Pressed by time and the long road that still awaits us to reach Kamieskroon, we just buy a couple of sandwiches at a roadside padstal outside the farm and press on. The landscape changes quickly as we head into the dry Northern Cape. We spot the first patches of bright wildflowers, appearing here and there between endless sheep pastures, almost as soon as we cross the border of the Namakwa district municipality. Almost 4 hours after leaving Bergendal, we finally reach Jeanrico Farm. We will sleep here tonight and tomorrow.

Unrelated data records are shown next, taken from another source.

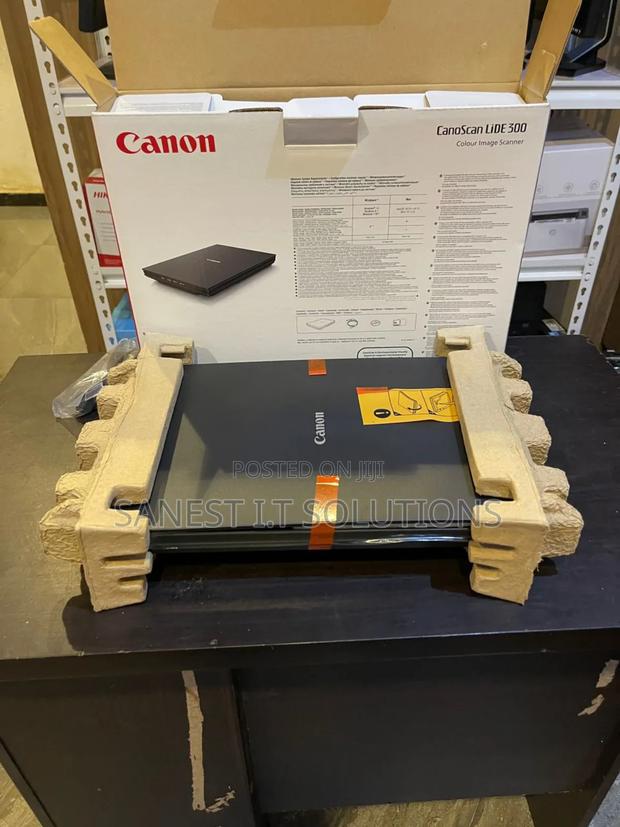 Canon Lide300 Scanner · Photo 1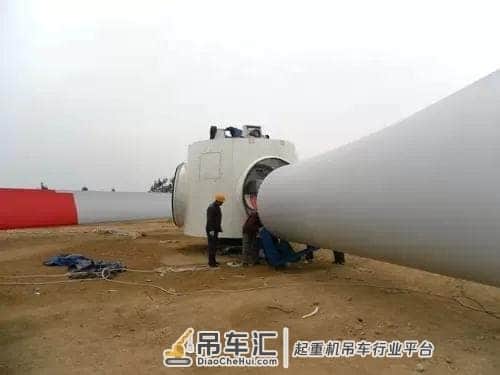 工程兵器库|三一最霸道全地面起重机——“SAC6000”
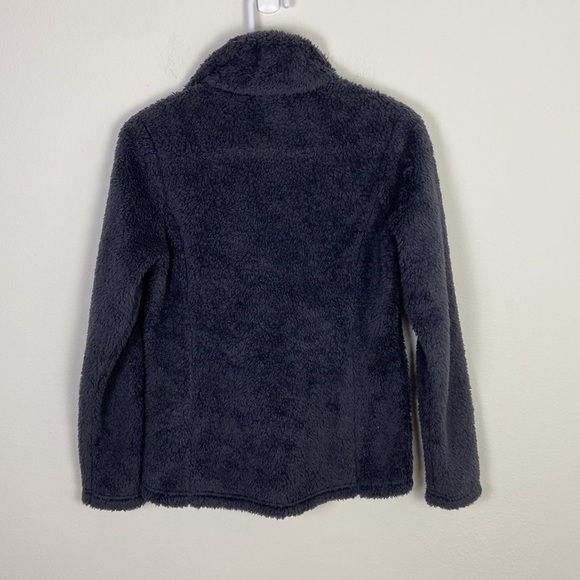 Patagonia Los Gatos Fleece Womens XS Quarter Zip Pullover Jacket Gorpcore Spring - Picture 7 of 7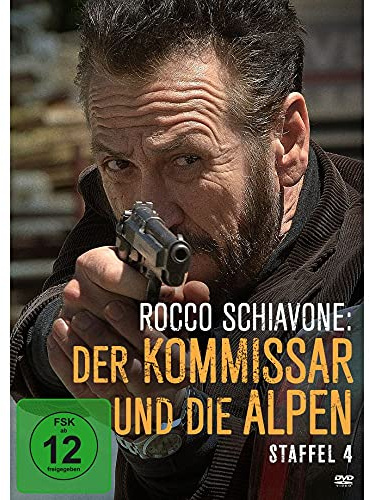 Rocco Schiavone: Der Kommissar und die Alpen - Staffel 4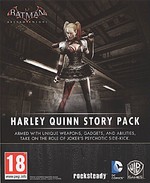 Batman: Arkham Knight - Harley Quinn (DLC) (PC) DIGITAL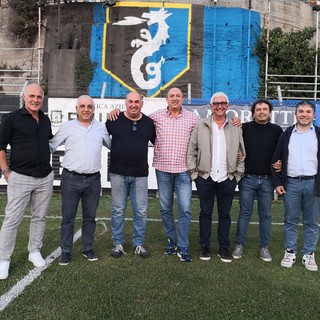 Imperia calcio, sono arrivate le firme: domani l'ufficialità del closing. Gramondo annuncia: “Faremo valutazioni a 360 gradi su acquisti e allenatore”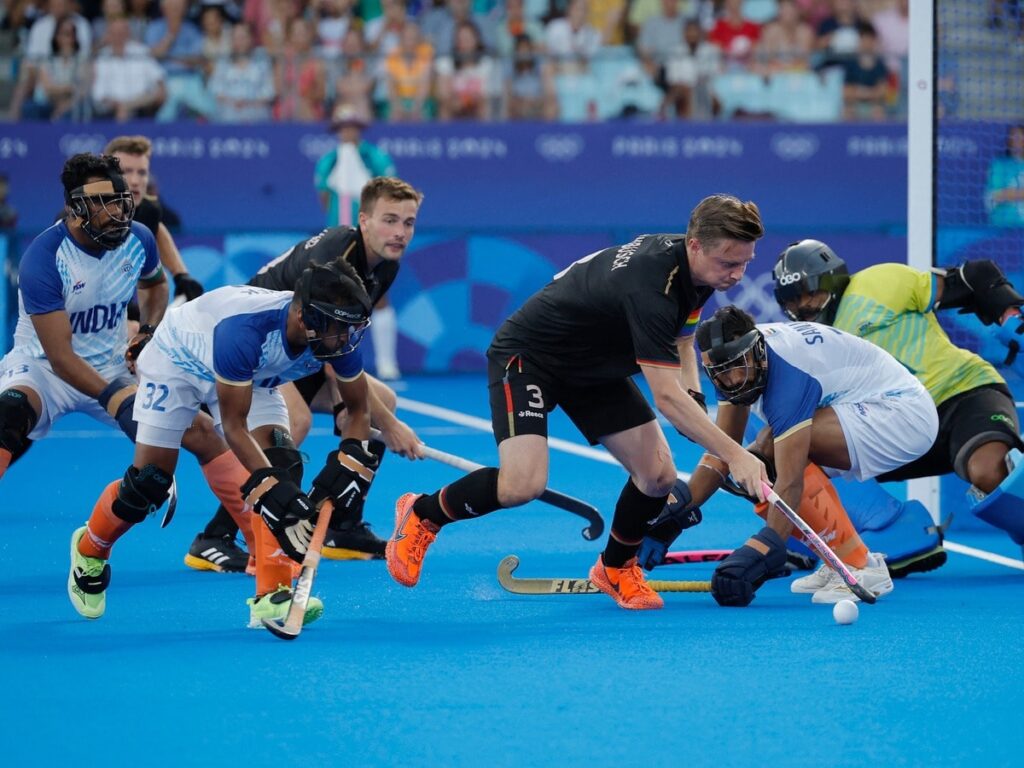 Germany's Hockey Team to Face India Next Month in Thrilling New Delhi Series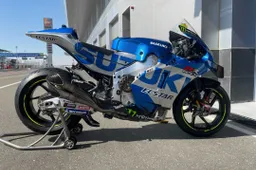 MotoGP, la tecnica: a che punto è Suzuki dopo i test in Qatar?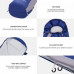 Спальный мешок KingCamp BREEZE 70(KS2020) R BLUE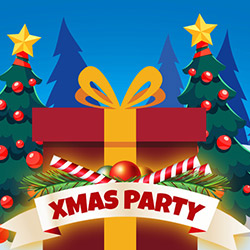 Mr.Slotty | Xmas Party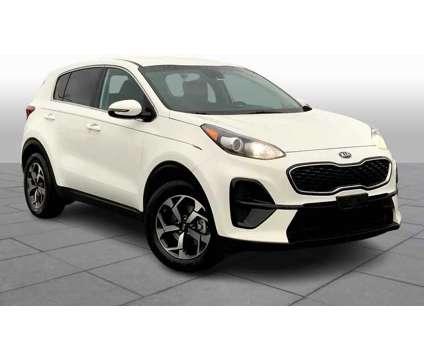 2020UsedKiaUsedSportage is a White 2020 Kia Sportage Car for Sale in Columbus GA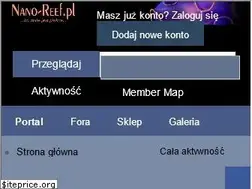 Sites similar to nano-reef.pl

The farm is simple and our cottage accommodation, though very comfortable, rustic. Nothing can beat location, however, and Jeanrico Farm is better than a postcard. Nestled in a little nook at the foot of gigantic ochre monolithic domes, the farm is quaint and warm, with white-washed walls, an old stone barn and a hospitable stoep overlooking a small dam and unobstructed views of the peaks of the Namakwa National Park in the distance.

The company is even better. Ernest and Stella, our hosts, serve a delicious lamb pie and we chatter at length with the other guests, two older couples. Kobus is a retired forensic auditor who is busy writing a book on cases he has worked, which have sent him to the four corners of the world. Sue and him drove from the coast of KwaZulu Natal to see the flowers! Charl spent 38 years at the SABC, a longevity record that is yet to be broken, and Leanne quickly finds affinity. His wife Jennifer is headed to a lost dorpie further into the Kamiesberg to inspect old rug-weaving looms. She hopes they can get a second lease on life and revive a speck of industrial activity in the region.

Conversation flows easily and we are soon flooded with interesting facts about the region, crusty career anecdotes and, better yet, useful recommendations on the road ahead.